Inquiry into Kerry sewer network after major blockage

Entire Killarney system backed up last year causing sewage to flow into a local river

A toxic blue-green ‘algae’ appeared last year on Killarney’s largest lake, Lough Leane. Photograph: Facebook

A toxic blue-green ‘algae’ appeared last year on Killarney’s largest lake, Lough Leane. Photograph: Facebook


The entire sewer network in Killarney, Co Kerry, is to be investigated in response to a major blockage that led to sewage backing up and flowing into a river last year.

Irish Water and the Environmental Protection Agency (EPA) said the “significant” blockage on April 30th of last year was in the main caused by a piece of timber and exacerbated by fats, oils grease and baby wipes building up in an overflow chamber linked to the main sewer.

The incident, which occurred between Woodlawn and Muckross, led to the main public sewer backing up and sewage entering the river Flesk near Lough Leane without passing through the local water treatment plant.

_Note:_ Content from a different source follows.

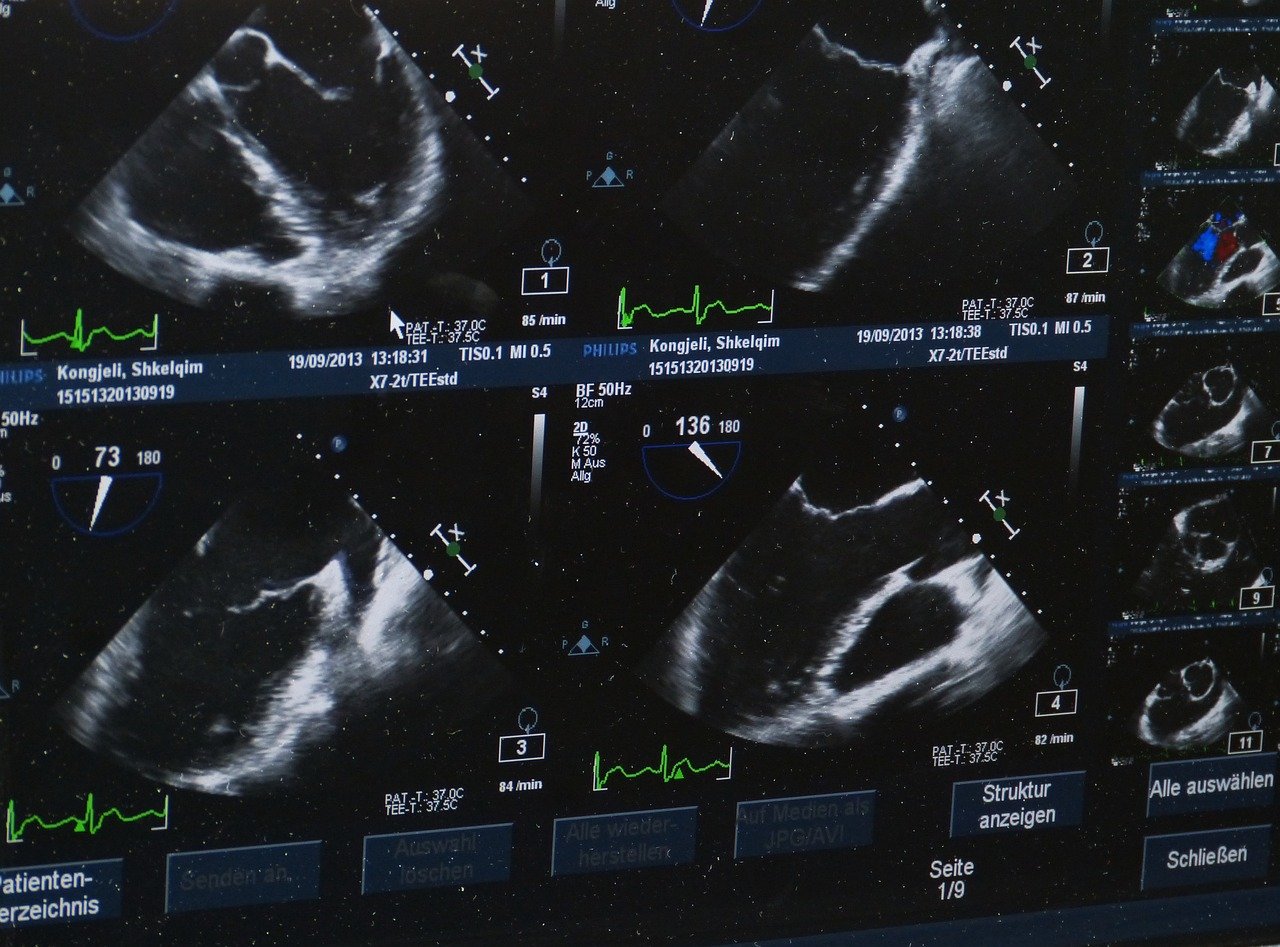 biliary-sludge-causes-and-treatment-gallstone-clinic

Warnings about toxic algal scum have been erected on the lake shore in recent weeks after the death of a dog from suspected poisoning encountered along the Deenagh river, a major tributary of Lough Leane, which is the largest of Killarney’s lakes.

Kerry County Council said blue-green algae had been detected and the signs were a precautionary measure. However, Irish Water and the council both insisted the Killarney waste water treatment plan was working well.


The EPA sent an inspector to the site of the blockage and it later raised a concern about the wider sewer network in Killarney. It issued Irish Water with instructions after discovering there was no screen at the storm water chamber/sump near the Flesk.

The “series of requirements” posed by the EPA to Irish Water included to establish if there were any other storm water chambers/sumps in Co Kerry similar to that which saw the discharges into the river and to “ensure that they are part of a proactive inspection and maintenance programme”.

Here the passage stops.